Billet philosophique

Un tabou révélateur

20 février 2009, par Roger Orlu

Le grand cinéaste militant Costa-Gavras, 76 ans, vient de sortir son 17ème long métrage, "Eden à l’Ouest". Ce film, très touchant selon plusieurs critiques, raconte l’aventure pénible d’un migrant dit "clandestin", qui rêve de rejoindre Paris. Dans un entretien avec "l’Humanité-Dimanche", Costa-Gavras explique que son œuvre met l’accent sur les injustices et les humiliations dont souffrent de nombreuses personnes de la part des pays riches et sur le fait que « la solution est entre les mains du pouvoir politique ».
Il ajoute que l’intégration de tous les citoyens doit être « le projet collectif d’une société » et que « c’est un enjeu décisif, qui nécessite d’aborder la répartition des richesses au niveau mondial ». Pour le réalisateur de "Z" (1969), qui dénonçait la dictature des colonels en Grèce et la complicité entre le pouvoir politique et l’appareil judiciaire, « c’est une dictature économique à laquelle nous avons à faire aujourd’hui. Ce ne sont plus les élus que nous envoyons à l’Assemblée qui nous dirigent mais les grands patrons. On ne peut que constater où cela nous a menés, à cette crise qui va être longue et profonde. Et ce n’est pas en allumant un petit ventilateur qui brasse beaucoup d’air qu’on sortira de l’impasse… ». (1)

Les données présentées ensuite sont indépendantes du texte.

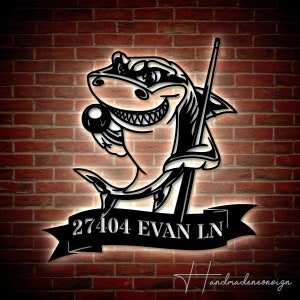 Personalized Billiards Number Metal Sign | Custom Billiards Address Metal Sign | Outdoor Shark Address Number Sign | Pool Hall Number Sign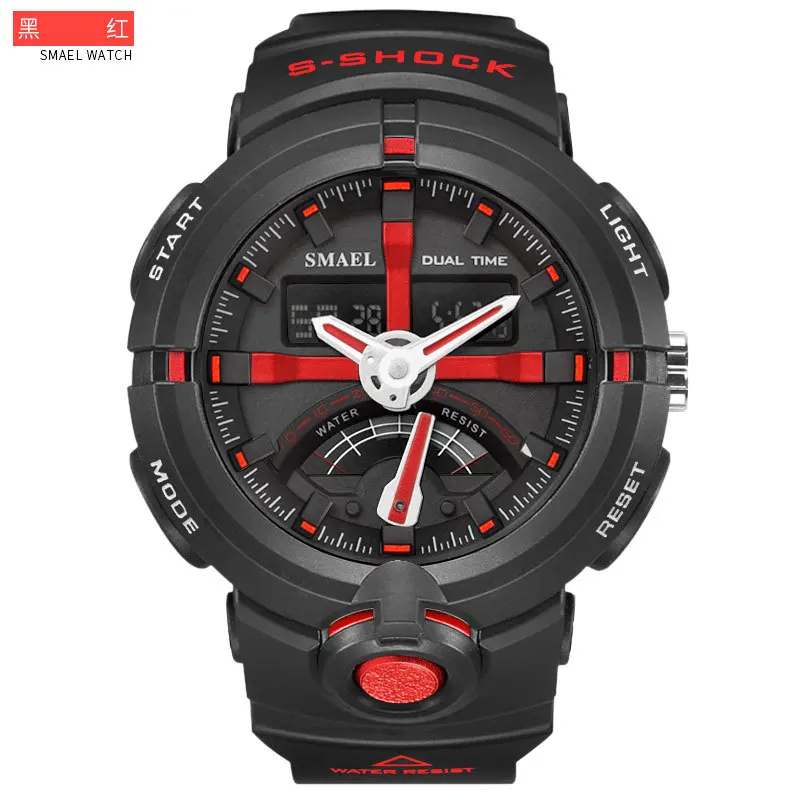 Для мужчин s часы лучший бренд класса люкс новые модные повседневные кварцевые часы для мужчин спортивные S ударопрочные цифровые наручные часы Relogio Masculino - Цвет: Black Red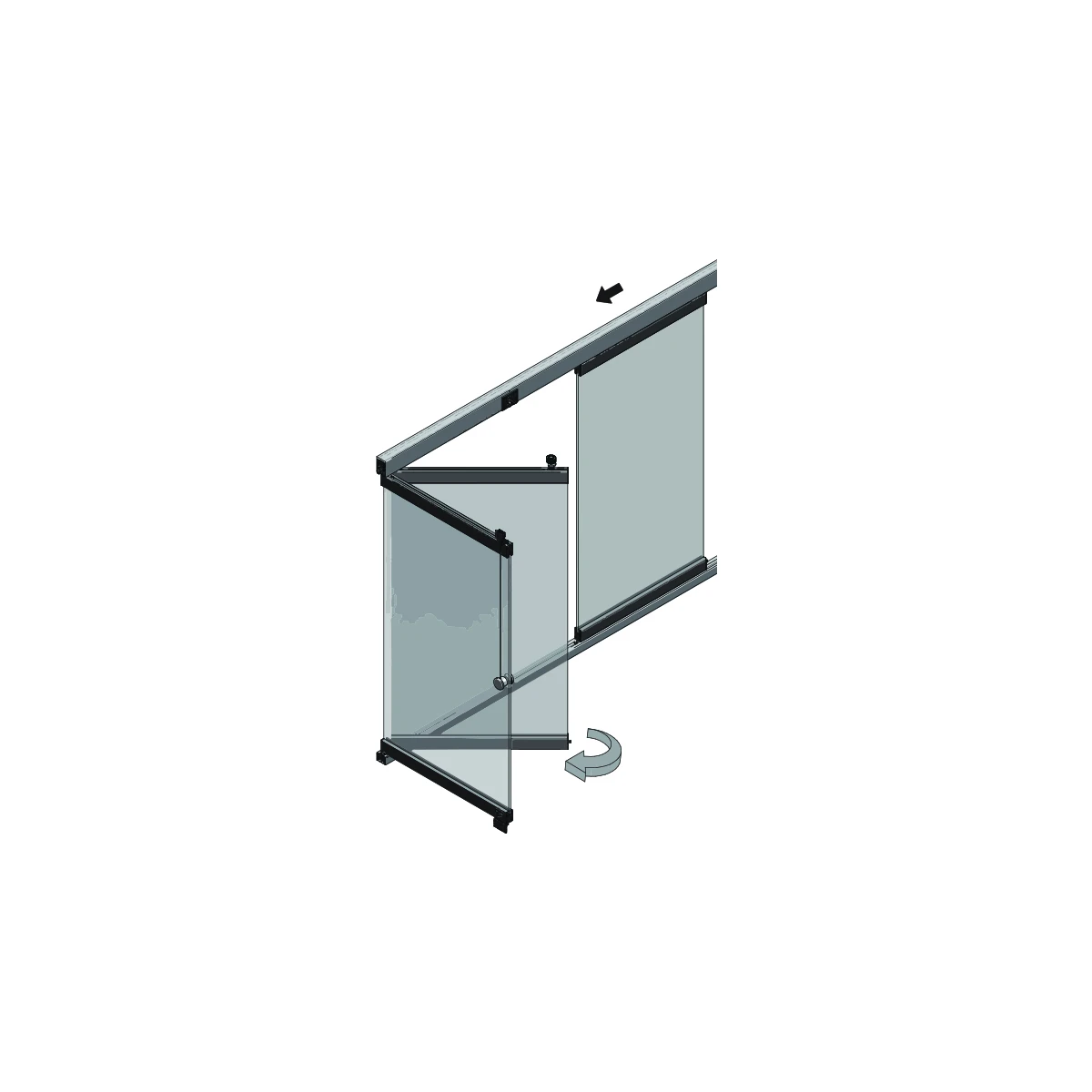 Glas Stapelwand mit Bodenführung, 2934xx0xx46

Une délinquance institutionnalisée

Tous les jours, nous avons des illustrations des effets tragiques de cette dictature des rois de l’argent dans le monde. Mais rarement les médias au service de ce régime ne cherchent à faire connaître les causes de ces malheurs et donc leurs responsables.
Par exemple, après les drames survenus cette semaine en Guadeloupe dans le cadre du mouvement social qui soulève tous les DOM, la tendance dominante des commentateurs consiste à stigmatiser « les bandes qui profitent du malaise pour aller voler ». Mais pourquoi ne s’interrogent-ils pas sur les raisons profondes qui conduisent des jeunes chômeurs, exclus et précaires, sans moyens ni raisons de vivre, à saisir une occasion de se rebeller comme ils l’entendent ?
Pourquoi ne dénoncent-ils pas les riches qui profitent de ce système barbare pour voler tous les jours les richesses produites par le travail ? Et pourquoi l’État se fait-il le complice de cette délinquance institutionnalisée ?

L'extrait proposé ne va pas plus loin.